Histórico

Até que o green card os separe

Casamentos por conveniência estão na mira da imigração, mas são prática comum para legalização

Em 2007, a carioca N. R. realizou, aos 40 anos de idade, o sonho de muitas mulheres: casou-se de véu e grinalda, numa igreja de Miami, com pompa e circunstância. No entanto, prestes a completar um ano de casada, ela não vai comemorar a data, até porque ela quer distância do marido. Aliás, ela mal o conhece e só se falam quando ele liga para pedir dinheiro. M.R. é mais uma brasileira que se uniu a um cidadão americano para receber o green card – e está sofrendo por causa da ganância de seu ‘príncipe encantado’.

Os casamentos arranjados se tornaram, com o arrocho da imigração nos Estados Unidos, a forma mais fácil e rápida de se obter a residência permanente num país cada vez mais intransigente com os imigrantes. Ninguém sabe ao certo quantas uniões por conveniência são consumadas todos os anos, mas o próprio Departamento de Segurança Nacional já admitiu que a situação está incontrolável e, por isso, estabeleceu um crivo mais cuidadoso na aprovação das certidões de casamento entre americanos e estrangeiros.

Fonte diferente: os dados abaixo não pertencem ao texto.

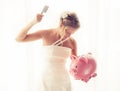 Angry bride with knife in hand about to smash piggy bank Royalty Free Stock Photo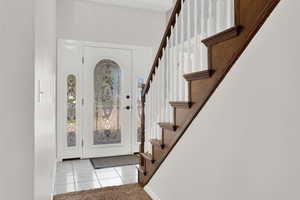 Tiled foyer entrance featuring a towering ceiling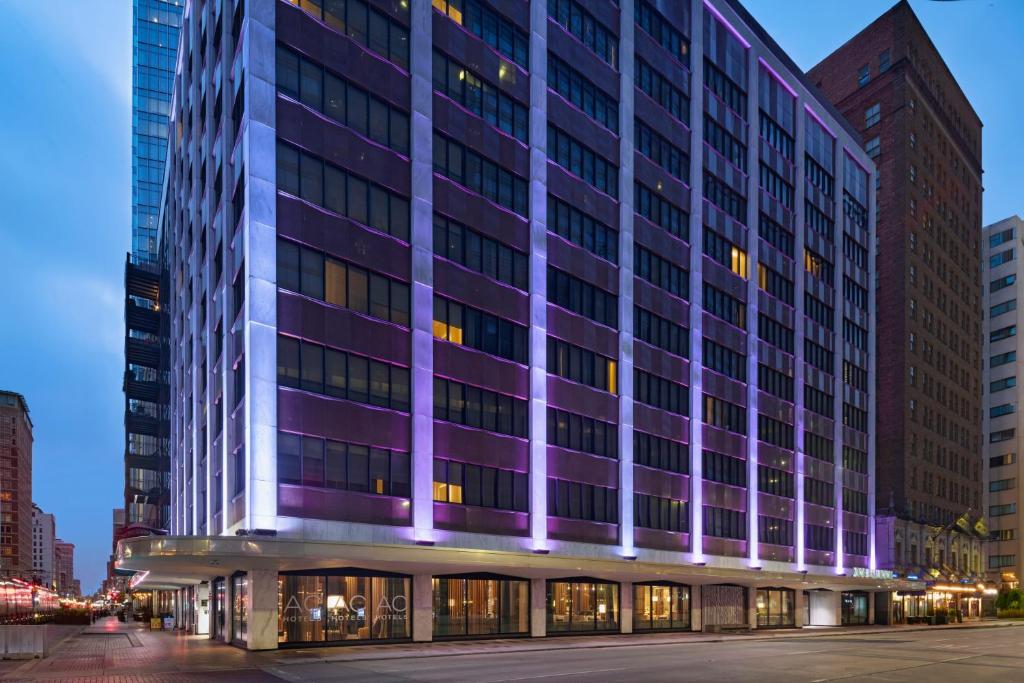 a purple building in the city at night at AC Hotel by Marriott Houston Downtown in Houston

James Sparrow, chefe da unidade do ICE (a polícia de imigração americana) que cuida de casos de fraude, destaca que os casamentos arranjados ganharam até esquemas profissionais e se tornaram um negócio lucrativo para redes especializadas, com ramificações em vários estados, principalmente Nova York, Flórida, Califórnia, Texas e Utah. De acordo com um relatório divulgado recentemente por agências do governo, as quantias pagas por imigrantes indocumentados variam de cinco mil a 60 mil dólares. Mas o preço, às vezes, é muito maior que esse e não envolve só dinheiro.

“Estou arrependida, pois minha vida virou um inferno desde que dei entradas nos papéis da legalização“, conta N.R., que pediu para não ser identificada por motivos óbvios. Ela recorda que o ‘marido’, apresentado por uma amiga do trabalho, sempre foi muito cordial e simpático, e aceitou de pronto a proposta de 12 mil dólares – em quatro parcelas – pelo ‘teatro’ diante dos agentes de imigração. Foi dele a idéia de um casamento na igreja, com convidados e bufê, justamente para não despertar a atenção das autoridades. “Ele ajudou até a escolher o vestido, que comprei numa loja de West Palm Beach”, lembra N.R.

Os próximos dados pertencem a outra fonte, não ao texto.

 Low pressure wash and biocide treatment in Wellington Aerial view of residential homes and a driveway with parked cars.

Ameaças por dinheiro e sexo

No entanto, tudo mudou poucas semanas depois do “sim”. De atencioso, o homem – um porto-riquenho três anos mais novo que ela – passou a ameaçá-la, pedindo mais dinheiro e até sexo em troca do silencio. N.R., que em função do casamento havia decidido se mudar para o mesmo condomínio do ‘marido’, em Sunrise, já decidiu arrumar as malas e se mudar para outro lugar, pois não está agüentando a pressão. “Eu sei que ele errou tanto quanto eu, mas nessas horas acho que nós mulheres somos mais frágeis e nos sentimos indefesas. Por isso decidi buscar ajuda. Só não posso arriscar perder o meu green card ou ir para a prisão”, disse a brasileira, que ainda deve três mil dólares ao porto-riquenho. Ela está com medo de que ele não apareça na entrevista final na imigração.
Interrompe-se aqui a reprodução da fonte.